Lowry, McIlroy’s long-time friend who’s only grown closer in recent years, admires how McIlroy keeps putting himself out there.
“Look, I’ve spent a lot of time around Rory over the last few years, coming into this week, and obviously there is a lot of pressure on him, but I think he’s at a stage now where he’s certainly able to handle it,” Lowry said. “He’s won everything there is to win in golf. I wouldn’t be surprised if he was to give it a run this week.
"I think there are a couple of players that if you finish ahead of them this week you’ll have a chance and he’s one of them.”
With sports psychologist Bob Rotella, McIlroy focuses on “trying to chase a feeling on the golf course” and hoping that the golf takes care of itself.
One of the feelings he’s chasing at Augusta National goes back to spring evenings sitting at home in Northern Ireland with his father watching the Masters transpire on television and “remembering why I fell in love with the game”.
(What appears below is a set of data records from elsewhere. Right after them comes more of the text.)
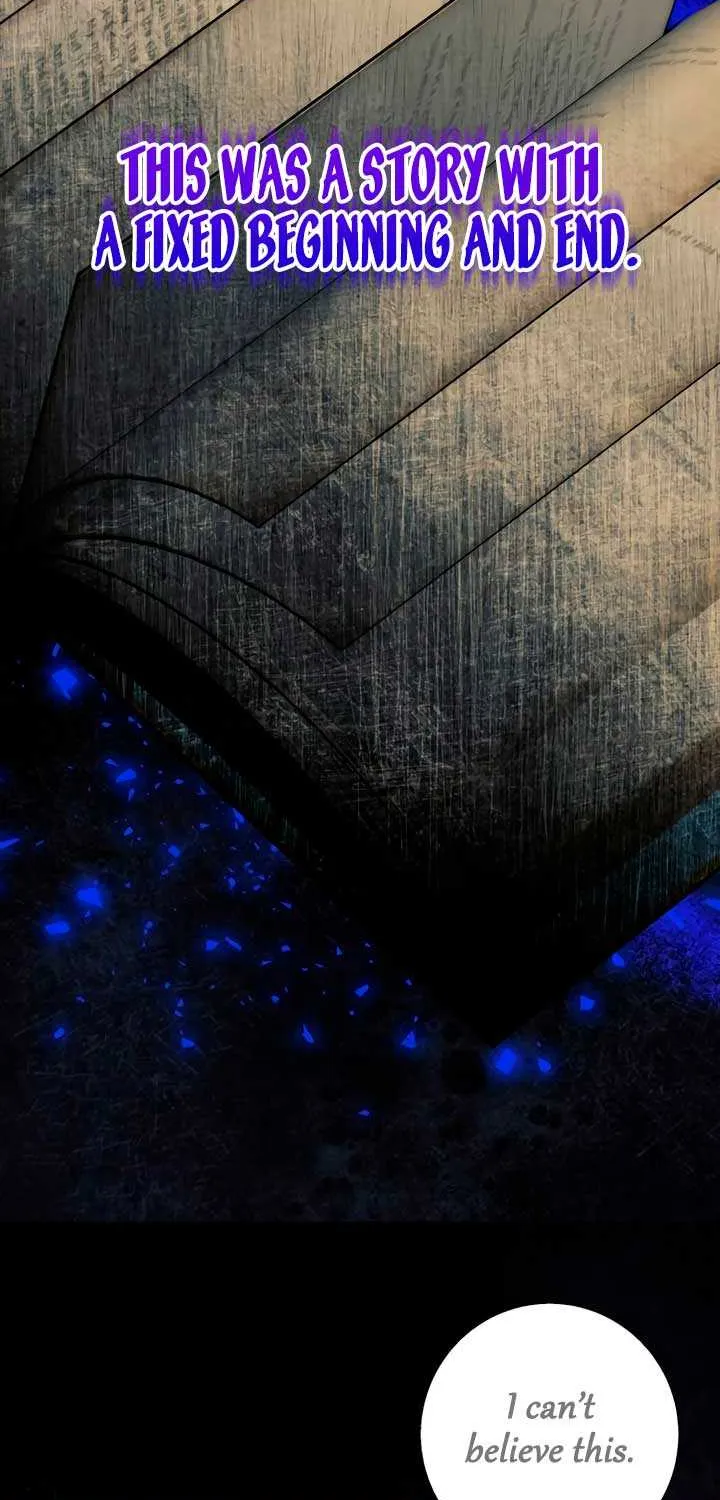 I Thought It’s a Common Possession Chapter 82 page 49 - 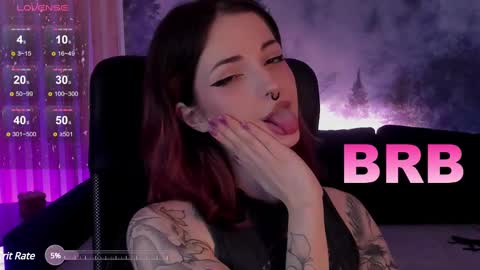 Snapshot of bratziedarsie chatting on 02.21.25 Darsieno nude goddess THIS WEEKS SCHEDULE Mon 9am-6pm Tue 9am-5pm Wed 9am-3pm Fri 9am-6pm Sat 9am-3pm GMT1 online show from 02.21.25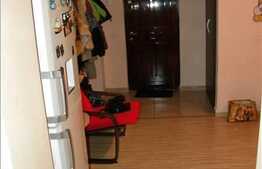 2 camere, 64 mp, decomandat, mobilat modern, zona strazii Bucuresti!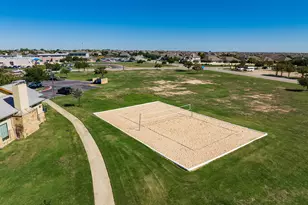 20609 Mouflon Dr, Pflugerville, TX 78660 - Photo 35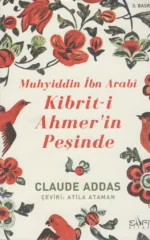 Kibriti Ahmerin Peşinde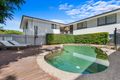 Property photo of 6/42 Pine Street Hamilton QLD 4007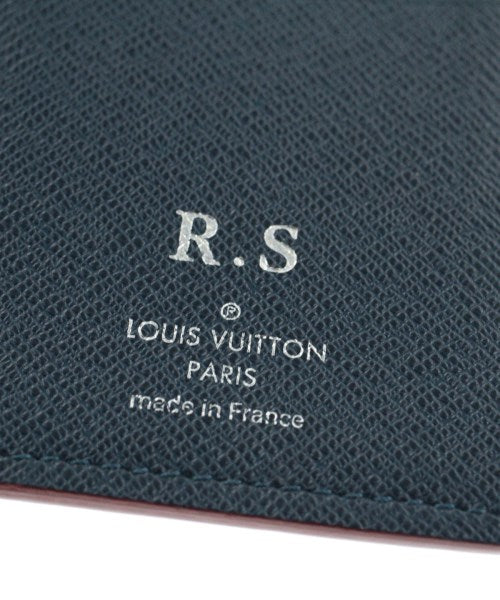 LOUIS VUITTON 錢包/零錢包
It’s what drives his desire to add the green jacket to his expanding list of career accomplishments.
McIlroy is one of 11 players in the Masters era to have won only three of the four majors, missing only one piece.
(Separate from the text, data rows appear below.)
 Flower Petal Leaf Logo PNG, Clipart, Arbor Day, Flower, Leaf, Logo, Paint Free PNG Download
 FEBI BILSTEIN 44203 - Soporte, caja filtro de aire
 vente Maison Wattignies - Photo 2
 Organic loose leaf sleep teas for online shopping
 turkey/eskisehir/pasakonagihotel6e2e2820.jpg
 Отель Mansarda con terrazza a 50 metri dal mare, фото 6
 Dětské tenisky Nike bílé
Sam Snead and Phil Mickelson couldn’t win the U.S. Open. Arnold Palmer and Tom Watson never won the PGA Championship. Byron Nelson barely tried to win the Open. Lee Trevino barely cared to win the Masters.
Jordan Spieth can empathize with what McIlroy is dealing with, as he just needs a PGA Championship to complete his own career slam.
But the pressure on Spieth barely registers on the same scale as McIlroy, especially because he’s dealing with the most anticipated major every season.
“Augusta is just blown up more than it probably should be,” Spieth said recently. “In that sense, it gets blown up toward Rory. Majors are majors. Augusta, if you look at the field, it’s technically the easiest major to win. The more someone focuses on that, the better. It is the biggest tournament in the world and it has the most eyeballs for golf. Everything, no matter what the story is, gets blown a little out of proportion.”
Still just 35, time remains on McIlroy’s side. Age hasn’t become an issue – yet – and McIlroy still has a long runway in front of him.
Mickelson was almost 34 when he won his first major at the Masters in 2004. Snead and Dustin Johnson were 36, Vijay Singh and Sergio García both 37 and Hogan 38 when they won their first green jackets.
Seven players have won the Masters after their 40th birthday.
McIlroy can’t go back to the innocence of his earliest visits to Augusta National when his whole career lay in front of him, but he can try to chase that feeling again this week while he’s still performing at peak skills that remain the envy of his peers.
“I was just happy to be driving down Magnolia Lane; there was no thought of whether this was going to be good for me or bad for me,” he said. “It was just an absolute thrill of a lifetime to drive down that lane at whatever it was, 19-years-old, and be playing in my first Masters.
“I’ve always loved this course. … People ask me, if you could only play one golf course for the rest of your life, what would it be? And I think walking around this place every day would be pretty cool.”
Maybe this will be the week he makes himself a permanent part of this place – but for all the right reasons and none of the negative ones.